He rode to the place where Kriseya had been found. It was pretty easy, from there, to see the broken and weirdly cracked trees. Apparently, that was something to do with Path’s unusual approach to her breath weapon, some sort of intense ice flame. He sighed, and slid off Oberon, walking over, patting Oberon on the shoulder to signal he was fine to graze, but to stay generally where he was.
I had hoped it would take days to track the dragon, since tracking something flying would be basically impossible. However, as he walked near the trees, and saw the broken tree with ribbons of scaled flesh still dangling off of it, he sighed. The blood trail is entirely obvious. He tied a cloth over his face as he could see the flaking pink toxins feathering off the trees as the breeze picked up, and imagined it had been a fairly savage fight between giants.
Deep breath in. It hadn’t even been a week and he had a feeling that Rag Doll and Scurrying Mouse were going to have an opportunity to grow. He didn’t like it at all. Is this because I rejected a quest with another god as an audience? Or part of some plan you have for me?
He felt like a ship lost at sea. His anxiety about doing this on his own beat on him in waves as he walked around the battle site. The dragons were big. He was just a half-elf. He looked out at the sea, and for a moment he fantasized about boarding a ship and running away forever. They did think I was an elven pirate in the town, he thought.

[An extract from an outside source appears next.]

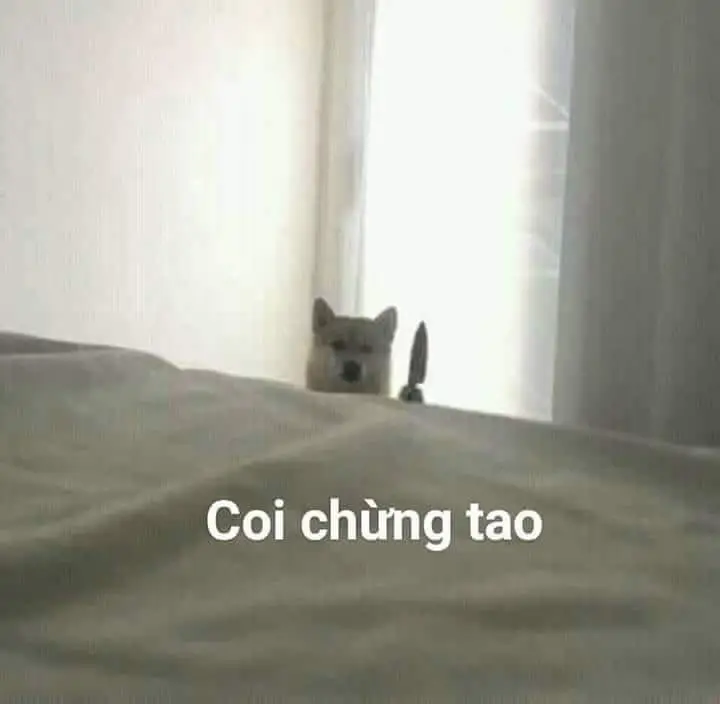 Meme con mèo cầm dao: Sát thủ đáng yêu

My real mother is somewhere across that sea. He looked where the blood trail led north, and he sighed. He prayed, “Oh the Divine Lady of Luck, is it really your will that I go by myself into the den of a dragon?”
He closed his eyes, cleared his mind, and all but held his breath awaiting… something.
Sub quest: Do not make a pest of yourself, Mouse Lion.
He sighed and scrubbed his fingers through his long brown hair and sighed. He felt that he should put it up. He removed his gauntlets, and then pulled his hair into a ponytail and twisted it, securing it with the tie as a bun at the nape of his neck. He shoved some of the stray shorter hairs behind his ears as he would cluck at Oberon to come over to him.
A breeze kicked up, flaking off more of the toxins, and he noticed that Oberon almost immediately got wobbly. Within a few heartbeats, he also felt dizzy and fuzzy, like there was a weird buzzing in his brain. He grabbed Oberon’s bridle and walked forward until they were well upwind of that stuff. “I guess it’s good this Path-dragon has that ice breath,” he sighed.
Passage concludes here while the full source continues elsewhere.